Non è mai banale assistere a partite di calcio disputate sul piccolo, dissestato campo del carcere di Via
Cagnola.
Il gioco punteggiava di vivacità il sabato mattina, lo scorso 26 novembre. Cielo dapprima imbronciato,
poi schiuso a un sole mite.
Quattro le squadre: due del Liceo Gandini, una dell’Istituto Pandini (ingentilita dalla presenza di due
ragazze, brave la loro parte), e una formata dai detenuti.
Poiché in prigione (parola antica, da minaccia ascoltata nell’infanzia: “Guarda che, se fai così, finisci in
prigione”...) è contingentato anche il tempo, oltre allo spazio, bisognava finire tutto entro le undici.
Perciò, le due semifinali e le due finali (tra le vincenti la prima, tra le perdenti la seconda) si sono
disputate sulla durata di due tempi di otto minuti ciascuna, e in coda è avanzato uno scampolo per un
incontro amichevole a formazioni miste.
Si è imposta la squadra due del Gandini, in vistosa pettorina gialla, che prima ha sconfitto il Pandini e
poi ha conteso il titolo alla compagine padrona di casa. La vittoria è giunta in virtù di una certa coriacea
disposizione a soffrire, perché in realtà le individualità migliori si son fatte notare dall’altra parte, specie
in un paio di interpreti di origine marocchina, tanto volitivi quanto puntigliosi nell’applicazione.
Molto di più, il cronista improvvisato non saprebbe dire, anche perché occhi e pensieri vagavano oltre il
mero dato statistico di goal e punteggi: troppo particolare il contesto del calcio in carcere, perché
l’attenzione si soffermasse sul calcio stesso.

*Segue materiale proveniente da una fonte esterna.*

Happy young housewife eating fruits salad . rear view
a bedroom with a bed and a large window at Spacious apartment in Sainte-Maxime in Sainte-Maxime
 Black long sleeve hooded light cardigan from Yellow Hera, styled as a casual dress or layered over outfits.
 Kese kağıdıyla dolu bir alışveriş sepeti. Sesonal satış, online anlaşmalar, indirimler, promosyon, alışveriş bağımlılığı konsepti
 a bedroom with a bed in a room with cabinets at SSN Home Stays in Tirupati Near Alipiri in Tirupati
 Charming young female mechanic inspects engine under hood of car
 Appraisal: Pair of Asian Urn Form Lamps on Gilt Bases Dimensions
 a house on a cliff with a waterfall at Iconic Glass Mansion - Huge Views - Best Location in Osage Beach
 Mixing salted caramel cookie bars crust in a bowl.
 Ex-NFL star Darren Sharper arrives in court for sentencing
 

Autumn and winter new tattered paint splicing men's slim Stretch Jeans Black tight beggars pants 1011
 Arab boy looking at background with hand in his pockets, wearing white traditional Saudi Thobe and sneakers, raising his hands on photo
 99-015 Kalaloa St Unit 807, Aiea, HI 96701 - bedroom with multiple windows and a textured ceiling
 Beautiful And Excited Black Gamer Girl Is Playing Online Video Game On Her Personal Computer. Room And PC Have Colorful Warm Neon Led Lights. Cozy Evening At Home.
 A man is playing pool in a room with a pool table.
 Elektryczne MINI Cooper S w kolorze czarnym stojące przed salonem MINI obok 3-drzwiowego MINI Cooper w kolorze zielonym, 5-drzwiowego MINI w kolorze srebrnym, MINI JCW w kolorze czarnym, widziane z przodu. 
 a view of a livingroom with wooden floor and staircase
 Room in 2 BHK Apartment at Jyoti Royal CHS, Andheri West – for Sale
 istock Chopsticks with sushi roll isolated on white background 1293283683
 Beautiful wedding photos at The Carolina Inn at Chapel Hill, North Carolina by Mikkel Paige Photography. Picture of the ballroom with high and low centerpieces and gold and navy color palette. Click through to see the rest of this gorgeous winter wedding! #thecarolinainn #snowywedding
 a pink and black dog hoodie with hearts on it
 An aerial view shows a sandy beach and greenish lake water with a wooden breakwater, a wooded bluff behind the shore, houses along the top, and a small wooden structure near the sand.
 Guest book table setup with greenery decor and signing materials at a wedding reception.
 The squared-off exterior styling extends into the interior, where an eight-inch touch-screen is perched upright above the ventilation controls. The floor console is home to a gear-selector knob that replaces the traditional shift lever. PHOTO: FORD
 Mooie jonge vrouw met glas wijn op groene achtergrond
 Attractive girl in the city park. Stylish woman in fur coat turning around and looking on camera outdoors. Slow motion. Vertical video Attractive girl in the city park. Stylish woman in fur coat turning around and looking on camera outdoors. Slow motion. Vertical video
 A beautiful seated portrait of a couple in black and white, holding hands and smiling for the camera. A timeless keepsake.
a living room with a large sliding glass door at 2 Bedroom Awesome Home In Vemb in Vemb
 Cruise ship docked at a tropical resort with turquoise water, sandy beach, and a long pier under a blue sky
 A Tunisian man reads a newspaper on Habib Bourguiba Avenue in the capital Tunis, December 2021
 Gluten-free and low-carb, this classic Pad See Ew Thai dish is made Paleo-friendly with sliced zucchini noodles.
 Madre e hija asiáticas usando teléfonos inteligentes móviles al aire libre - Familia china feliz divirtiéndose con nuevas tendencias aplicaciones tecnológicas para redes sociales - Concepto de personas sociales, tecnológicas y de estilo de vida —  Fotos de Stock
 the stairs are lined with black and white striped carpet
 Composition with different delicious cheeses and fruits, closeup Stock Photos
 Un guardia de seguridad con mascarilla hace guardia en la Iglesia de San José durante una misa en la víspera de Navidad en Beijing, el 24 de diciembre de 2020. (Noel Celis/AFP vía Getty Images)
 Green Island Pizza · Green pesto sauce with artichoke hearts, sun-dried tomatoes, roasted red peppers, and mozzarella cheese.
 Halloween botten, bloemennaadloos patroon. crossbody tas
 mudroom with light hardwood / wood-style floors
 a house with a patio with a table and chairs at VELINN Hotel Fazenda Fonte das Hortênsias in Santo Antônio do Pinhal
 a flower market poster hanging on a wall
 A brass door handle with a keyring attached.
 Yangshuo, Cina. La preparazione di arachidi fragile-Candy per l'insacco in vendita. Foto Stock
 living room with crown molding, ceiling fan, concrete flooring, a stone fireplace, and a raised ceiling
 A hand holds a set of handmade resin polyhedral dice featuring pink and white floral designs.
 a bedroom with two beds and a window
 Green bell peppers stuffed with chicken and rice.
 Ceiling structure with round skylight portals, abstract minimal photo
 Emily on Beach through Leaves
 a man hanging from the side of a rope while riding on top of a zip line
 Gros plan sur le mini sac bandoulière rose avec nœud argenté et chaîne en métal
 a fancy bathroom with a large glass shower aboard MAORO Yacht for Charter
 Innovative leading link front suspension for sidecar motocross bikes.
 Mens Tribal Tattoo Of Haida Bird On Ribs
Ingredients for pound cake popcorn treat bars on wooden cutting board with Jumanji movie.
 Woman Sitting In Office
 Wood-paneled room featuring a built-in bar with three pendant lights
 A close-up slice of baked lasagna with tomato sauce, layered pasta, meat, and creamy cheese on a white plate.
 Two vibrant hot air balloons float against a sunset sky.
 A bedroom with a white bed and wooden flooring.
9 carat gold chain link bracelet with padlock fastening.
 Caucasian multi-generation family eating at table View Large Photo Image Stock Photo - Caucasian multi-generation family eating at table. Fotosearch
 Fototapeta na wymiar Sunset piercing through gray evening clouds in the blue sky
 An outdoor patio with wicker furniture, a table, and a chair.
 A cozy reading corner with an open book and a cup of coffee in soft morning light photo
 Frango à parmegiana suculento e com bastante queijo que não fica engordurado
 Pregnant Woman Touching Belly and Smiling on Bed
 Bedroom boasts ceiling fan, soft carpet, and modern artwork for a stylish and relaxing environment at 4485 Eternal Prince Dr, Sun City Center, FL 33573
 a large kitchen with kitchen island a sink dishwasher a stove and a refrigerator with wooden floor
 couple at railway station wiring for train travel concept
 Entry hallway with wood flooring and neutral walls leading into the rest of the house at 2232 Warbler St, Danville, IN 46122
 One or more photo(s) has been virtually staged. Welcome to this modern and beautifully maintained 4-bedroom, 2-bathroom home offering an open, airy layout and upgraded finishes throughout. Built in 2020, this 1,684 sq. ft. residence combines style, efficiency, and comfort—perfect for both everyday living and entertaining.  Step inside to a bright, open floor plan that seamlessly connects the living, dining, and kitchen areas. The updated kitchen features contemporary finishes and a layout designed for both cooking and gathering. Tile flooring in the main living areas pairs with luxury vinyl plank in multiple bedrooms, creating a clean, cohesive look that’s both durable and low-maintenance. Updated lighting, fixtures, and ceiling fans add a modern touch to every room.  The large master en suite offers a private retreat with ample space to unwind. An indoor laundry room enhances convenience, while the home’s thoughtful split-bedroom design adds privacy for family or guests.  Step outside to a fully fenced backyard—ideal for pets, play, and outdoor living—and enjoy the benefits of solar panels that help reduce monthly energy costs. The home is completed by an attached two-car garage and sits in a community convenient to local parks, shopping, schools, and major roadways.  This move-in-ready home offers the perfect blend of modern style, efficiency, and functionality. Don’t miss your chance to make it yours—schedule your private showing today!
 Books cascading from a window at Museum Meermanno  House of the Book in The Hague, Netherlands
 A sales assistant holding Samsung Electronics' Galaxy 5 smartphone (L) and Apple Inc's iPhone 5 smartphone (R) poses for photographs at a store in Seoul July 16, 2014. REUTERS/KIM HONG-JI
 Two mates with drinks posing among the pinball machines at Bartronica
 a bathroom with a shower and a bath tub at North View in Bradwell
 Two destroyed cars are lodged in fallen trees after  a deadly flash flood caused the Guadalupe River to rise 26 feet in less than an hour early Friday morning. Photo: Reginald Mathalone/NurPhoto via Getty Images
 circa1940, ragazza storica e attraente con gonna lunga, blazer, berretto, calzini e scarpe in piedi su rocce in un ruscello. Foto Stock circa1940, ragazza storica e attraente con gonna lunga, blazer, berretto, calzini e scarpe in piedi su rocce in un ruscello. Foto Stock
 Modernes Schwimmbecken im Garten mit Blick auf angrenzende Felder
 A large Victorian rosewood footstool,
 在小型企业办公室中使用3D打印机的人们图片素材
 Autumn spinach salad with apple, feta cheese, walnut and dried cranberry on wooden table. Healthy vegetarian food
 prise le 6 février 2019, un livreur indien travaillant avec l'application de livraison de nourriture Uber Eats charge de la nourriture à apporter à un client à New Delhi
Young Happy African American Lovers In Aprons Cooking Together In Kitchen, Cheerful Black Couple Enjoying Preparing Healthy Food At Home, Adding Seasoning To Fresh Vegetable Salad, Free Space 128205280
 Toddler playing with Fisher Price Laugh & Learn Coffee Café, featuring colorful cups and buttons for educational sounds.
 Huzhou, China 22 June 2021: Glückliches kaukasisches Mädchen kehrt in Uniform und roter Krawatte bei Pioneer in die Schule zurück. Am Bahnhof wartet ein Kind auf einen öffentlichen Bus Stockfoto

C’era ben altro da guardare. Come la facilità quasi simbolica con cui i palloni si perdevano oltre il primo
muro di cinta, e talvolta anche oltre il secondo, in una sorta di insopprimibile anelito alla libertà.
Oppure, il contrasto fra le forme eleganti e nobili della cupola di San Cristoforo da una parte e l’edificio
del carcere, grigio, squadrato e cosparso di grate, dall’altra: se ne scorgevano perfino sul tetto, di
grate. A suggerire come l’ansia umanissima di evadere dalla coercizione potrebbe non escludere anche
le più strampalate e rischiose via fuga.
Non per caso, alla fine, mentre studenti e detenuti si salutavano rientrando dal campetto nelle viscere
stesse di quell’edificio, con un briciolo di amara concessione alla retorica i secondi dicevano ai primi:
“Buona libertà”.
Augurio che, se voleva essere straziante, ci è riuscito.
Non senza innescare l’ultimo e forse più disagevole pensiero della mattinata. Ai carcerati che si
congedavano con quelle parole tanto cariche di invidia e rimpianto, sarebbe stato infatti onesto
rispondere: “Sapeste come siamo per lo più inconsapevoli della nostra buona sorte; che scempio e che
scialo facciamo, là fuori, della nostra libertà; come siamo colpevolmente insoddisfatti, o infelici, o peggio - annoiati di quel privilegio!”.
Ma, per fortuna o per buon senso, a chi sperimenta magari per anni la costrizione dentro un carcere
reale, fatto di muri, chiavistelli e regole, nessuno di noi liberi ha osato ricordare la stupidità delle carceri
interiori in cui sappiamo tanto spesso e tanto scelleratamente rinchiuderci.